Resident Evil 5 has been the subject of ongoing controversy since Capcom showed a trailer for the game at the 2007 E3 conference. The trailer—and the game itself—feature of what some consider to be racist imagery, as well as characters and scenes that some interpret as perpetuation of imperialist and colonialist perceptions of Africans as somehow primitive or sub-human. Capcom has said it tried to balance any racial elements to the Africa-based story by making one of the main characters (the female lead Sheva Alomar) black and by including several races amongst the zombies encountered in the game.
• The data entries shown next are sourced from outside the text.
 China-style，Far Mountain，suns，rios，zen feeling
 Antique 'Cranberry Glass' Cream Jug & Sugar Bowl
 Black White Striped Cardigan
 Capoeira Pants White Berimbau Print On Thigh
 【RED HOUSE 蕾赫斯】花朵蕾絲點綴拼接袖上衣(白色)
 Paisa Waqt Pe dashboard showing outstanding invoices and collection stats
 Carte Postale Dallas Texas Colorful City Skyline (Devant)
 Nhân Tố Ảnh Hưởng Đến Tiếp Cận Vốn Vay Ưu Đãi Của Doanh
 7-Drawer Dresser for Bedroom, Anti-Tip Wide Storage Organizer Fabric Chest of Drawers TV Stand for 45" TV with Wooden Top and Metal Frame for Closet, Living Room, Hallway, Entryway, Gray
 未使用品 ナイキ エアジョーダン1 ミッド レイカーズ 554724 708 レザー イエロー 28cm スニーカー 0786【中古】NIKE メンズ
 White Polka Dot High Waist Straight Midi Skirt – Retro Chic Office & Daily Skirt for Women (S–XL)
Resident Evil 5 is priced at $59.99.

In related news, Capcom has also announced it plans to launch three zombie-splattering Resident Evil titles for the Nintendo Wii, including two reworks of titles originally developed for the Nintendo GameCube (Resident Evil and Resident Evil Zero) and a new Resident Evil: The Darkside Chronicles, which will be a sequel to events in The Umbrella Chronicles. Darkside Chronicles will be the first to be released, and will also feature a co-op gameplay experience using two remotes. The games will be prices at about $30 apiece.

Although some gamers welcome the addition of more hard-core gaming titles to the Wii lineup, some industry observers wonder if mature and violent games for the Wii might not tarnish the console’s wholesome and family-friendly image among consumers, many of whom were attracted to the Wii not just for its innovative controller, but for its comparatively innocuous and family-friendly fare.